The first
computer programs that were in any way worthy of the name were input by connecting wires,
flipping switches and typing in numbers. This was the first generation: Raw
machine code.
The next step was to get a front-end program together where you could enter (relatively) readable symbols such as ADD AX @FOO; JNZ BAR; and the machine would translate these to the correct opcode numbers. This was the second generation. Assembler. It was a big improvement and larger programs could be made.
The third generation contains procedural and object-oriented programming languages. C is the best known of the early ones. You could define routines with parameters and return values. You could give things names of any length, and build large programs out of a hierarchy of building-block routines. The code is compiled to machine code or interpreted. It was a big improvement and larger programs could be made.

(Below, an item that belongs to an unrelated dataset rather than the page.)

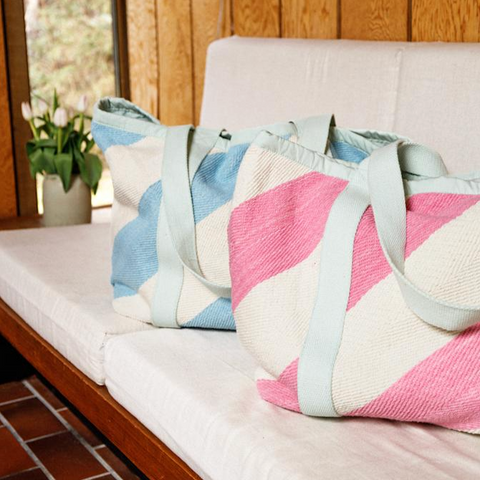 Black Colour XL Tote Bag - Pink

And as always, programmers are victims of our success. We (or our bosses) always want more. We always asking "OK, but how can we code more, better, faster". Code can in theory do anything, but in practice is limited to what we can code, so demand always exceeds supply.
The Japanese were spearheading it with a project started in 1981 called the Fifth Generation Computer Project. They wanted to build a local industry, steal a march on the rest. Everyone else wanted to keep up.
The next paradigm was going to be to step up from specifying what to do in step-by-step detail – just specify what you want and let the machine find the best strategy. Declarative programming and functional programming, not imperative programming.
SQL was an example of a declarative language - you didn't have to say how to get the result, just specify what results you wanted.
Natural language processing was going to be big. You'd just tell the machine what you wanted in your own words.
Several spin-offs from AI looked interesting – we're not talking about any blue-sky human-equivalent understanding in the machine here, just a few techniques from the lab that were previously humans-only stuff. Prolog was one interesting approach to programmatic logic. Expert systems were going to be big, they could answer your questions (and even ask you the right ones), given incomplete data. Neural networks could match patterns.
We never got there. 4GL became just another one of yesterday's buzzwords. It didn't clear the backlog and produce an avalanche of production code as compared to the old techniques.
Meanwhile, we've made incremental gains. Object-oriented programming went mainstream because it was a logical addition to existing techniques that offered more code reuse and thus less new code. So has garbage collection because it results in less time writing and debugging housekeeping code. Our function libraries have become class libraries and are growing ever more extensive and usable.
But there hasn't been a paradigm shift. Prolog seems to have been a dead end, or at best limited. Expert systems too are great for a few limited uses.
Tools that generate 3GL code have morphed into drag and drop Rapid Application Development environments such as Visual Basic and Delphi. The coders soon learned that code generation wasn't worth anything at all unless you could modify the generated code, and tools that can round-trip back to the model from the altered code are greatly preferred. And that it is best done on top of a strong 3GL. VB still has a reputation as a toy for being weak in this regard.
Powerbuilder, for instance, had kick-ass visual data display generation tools, backed by a crappy little scripting language that made Visual Basic look powerful, consistent and flexible. Had. It has vanished.
As for the others, SQL may be declarative, but that doesn't stop it being quirky and involved just like any other programming language. You won't find your HR director using it. Functional programming languages have continued to progress, but have never had a mass market yet. If anything, they are harder to get your head around than imperative languages.
There has been a lot of incremental change. We have better tools than in 1980, and a more varied toolchest. Perhaps the accumulation of incremental change, from C in a text editor all the way to a Java IDE or Visual Studio .NET with drag and drop GUI toolkits, and PERL and Python on the side, is enough to declare a new generation.
But in my opinion, if there is a fourth generation of programming languages, a paradigm shift, it hasn't broken out of the lab yet. Perhaps declarative, context based, natural language techniques will somebday come to fruition.
Perhaps our programming language generations are counted 1, 2, 3, (4 was a dead end, backtrack), OO, OOGC. Perhaps a branching tree is a better metaphor than a linear sequence.
The term 4GL is sometimes now used to refer to declarative programming , and sometimes to refer to "application specific" languages – vertical tools that will generate stuff very rapidly, provided you select from a limited menu of options. Often this means report-writing and data entry, both database bound. These tend to be great if what you want to do was forseen by the system's designers. Otherwise, they are useless. The 80-20 rule applies: 80% of the job can be dead easy, the other 20% is impossible or nearly so.